Le città sono nate con lo sviluppo del commercio e le attività commerciali sono cresciute con l’espandersi delle città. Questo binomio è durato per centinaia di anni, ma nelle città del XXI secolo sembra che non sia più così. L’innovazione tecnologica sta portando cambiamenti significativi. La società dei consumi viveva su un assetto ben definito, la maggiore produzione di merci si accompagnava alla diffusione del commercio. Quindi presupponeva una capillare presenza dei negozi all’interno della città. Le piccole botteghe hanno, successivamente, conosciuto il prepotente arrivo delle grandi catene e dei centri commerciali. Anche Rimini negli anni ’80 ha sperimentato questo fenomeno che ha causato la chiusura di centinaia di negozi di piccole dimensioni, soprattutto nel settore alimentare. Ora c’è un nuovo fattore di concorrenza per il commercio tradizionale ed è l’ampia diffusione della vendita online. Ormai tutto si può comprare online, con tempi di consegna che non superano le 48 ore.

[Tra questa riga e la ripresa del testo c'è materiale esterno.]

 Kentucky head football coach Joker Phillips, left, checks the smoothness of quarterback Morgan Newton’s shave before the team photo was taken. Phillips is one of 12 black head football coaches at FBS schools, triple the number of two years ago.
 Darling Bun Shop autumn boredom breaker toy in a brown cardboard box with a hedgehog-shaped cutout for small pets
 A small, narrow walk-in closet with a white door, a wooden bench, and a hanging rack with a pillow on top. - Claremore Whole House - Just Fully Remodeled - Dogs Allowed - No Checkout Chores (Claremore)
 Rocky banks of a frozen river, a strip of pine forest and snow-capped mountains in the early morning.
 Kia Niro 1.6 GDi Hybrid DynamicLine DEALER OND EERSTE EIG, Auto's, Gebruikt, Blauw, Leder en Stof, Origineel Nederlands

Molti commercianti rinunciano ad avere abbondanti scorte in magazzino, per ridurre i costi, così comprare online, anche per chi non è abituato a farlo, diventa quasi un obbligo. Ho comprato anch’io delle scarpe spedite dall’Irlanda, ordinandole in Rete, e in due giorni sono arrivate a casa.
La crisi del commercio è visibile a occhio nudo. Basta passeggiare per il Centro e si notano decine di negozi sfitti, anche in Corso D’Augusto. È una tendenza nazionale e non solo. In Italia dal 2012 ad oggi sono scomparsi 120.000 negozi. Nelle città di medie e grandi dimensioni sono andate in crisi le attività tradizionali, come negozi di libri e giocattoli (-31.5%), mobili e ferramenta (-30.5%), abbigliamento (-21.8%), a fronte, ad esempio di una crescita dei servizi di alloggio (+43.3%) e ristorazione (+4%).

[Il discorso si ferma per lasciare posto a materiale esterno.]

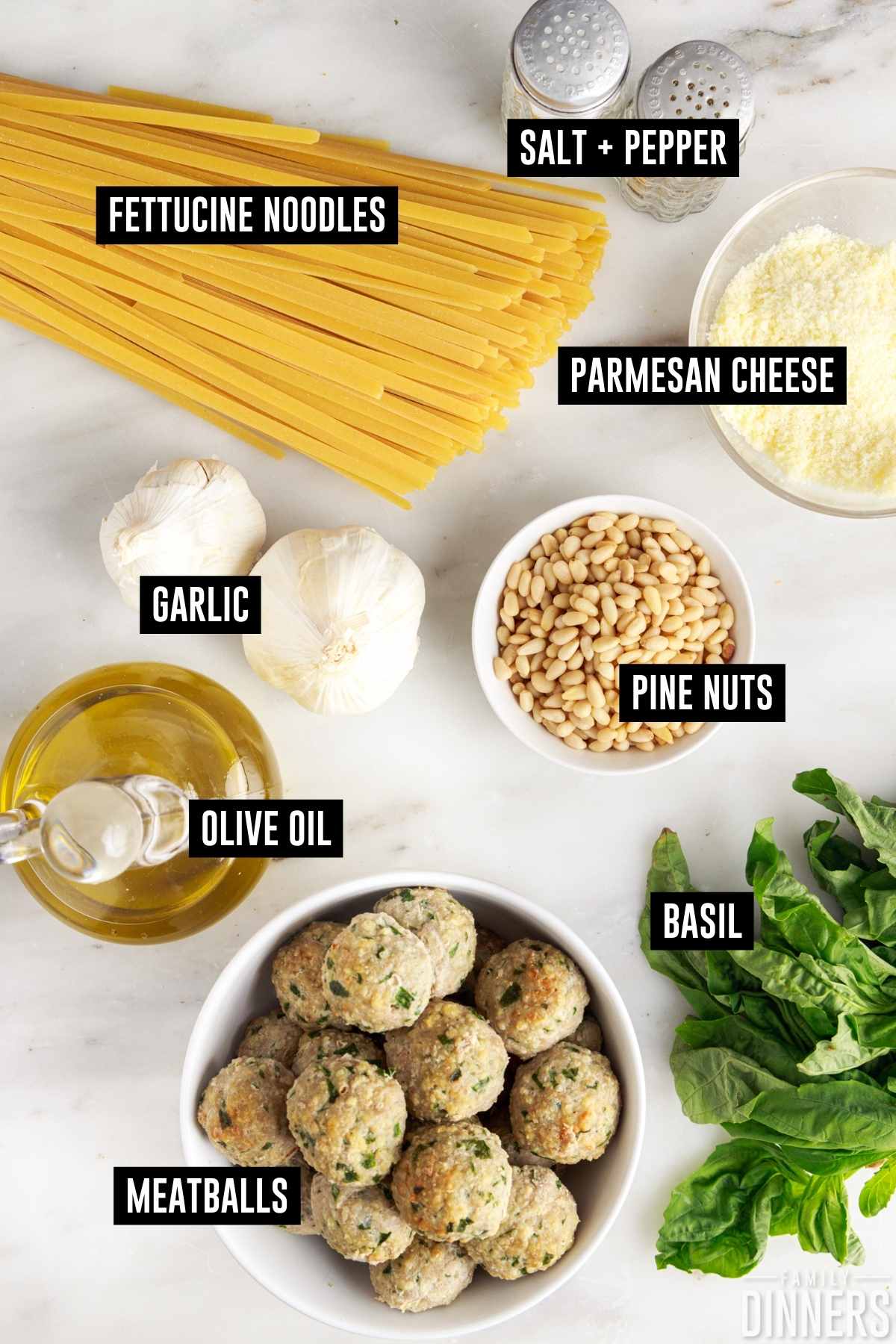 Basil pesto pasta with meatballs ingredients on a counter including: dried fettuccine, garlic, olive oil, parmesan cheese, pine nuts, salt, pepper, basil, garlic and meatballs.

In dieci anni si è verificata una piccola rivoluzione, a cui nessuno per la verità ha fatto troppo caso. Né le associazioni di categoria, sempre più in crisi, né le istituzioni, sia quelle locali che nazionali.
Quindi nell’indifferenza generale in provincia di Rimini dal 2013 al 2022 le imprese del commercio sono passate da 12.482 a 8.606, con una diminuzione del 30%. La fase più difficile c’è stata tra il 2017 e il 2022 quando c’è stata una diminuzione di 3.520 imprese. Le strutture medio-grandi, in termini di numero di esercizi, hanno registrato, in tutta l’Emilia-Romagna, una crescita percentuale rilevante, +60% circa, dal 1998 al 2021. Mentre le grandi strutture, nello stesso periodo, si sono mantenute sostanzialmente costanti.
Insomma, quella che negli anni ’80 veniva definita la ‘desertificazione’ dei centri storici, è avvenuta, anche se più gradualmente di quanto si potesse immaginare. Tant’è che la Regione Emilia-Romagna, illustrando i presupposti della nuova legge sul commercio nei centri storici, parla di ‘rarefazione’ delle attività commerciali, concetto non molto diverso da quello sopra citato.
Non è facile, quindi, immaginare quale possa essere il futuro del piccolo commercio. Bisogna che le attività commerciali si leghino sempre di più a ciò che saranno le città tra dieci o venti anni. È finita la fase di crescita. L’economia conosce una fase di difficoltà, la popolazione invecchia, la natalità diminuisce. In questo contesto occorre un commercio di vicinato legato ai servizi, alla raggiungibilità, alla facilità d’accesso.
La legge regionale immagina la creazione di hub urbani, ovvero di aree poste al centro delle città caratterizzate da una pluralità di funzioni e soggetti, rispetto ai quali le attività commerciali svolgono un ruolo centrale, per accrescerne “l’attrattività, rigenerare il tessuto urbano e garantire una integrazione e valorizzazione di tutte le risorse presenti nel territorio.” Vedremo se queste intenzioni diverranno realtà, colmando una disattenzione durata troppi anni.
A Rimini c’è un’occasione d’oro che non può essere sprecata. È la riqualificazione del mercato San Francesco. Un luogo di incontro straordinario, in un angolo della città di grande valore. Per vincere la scommessa bisogna che rimanga un luogo capace di generare incontri, tra genti e generazioni diverse, un luogo comunitario, al di là di come saranno le nuove strutture.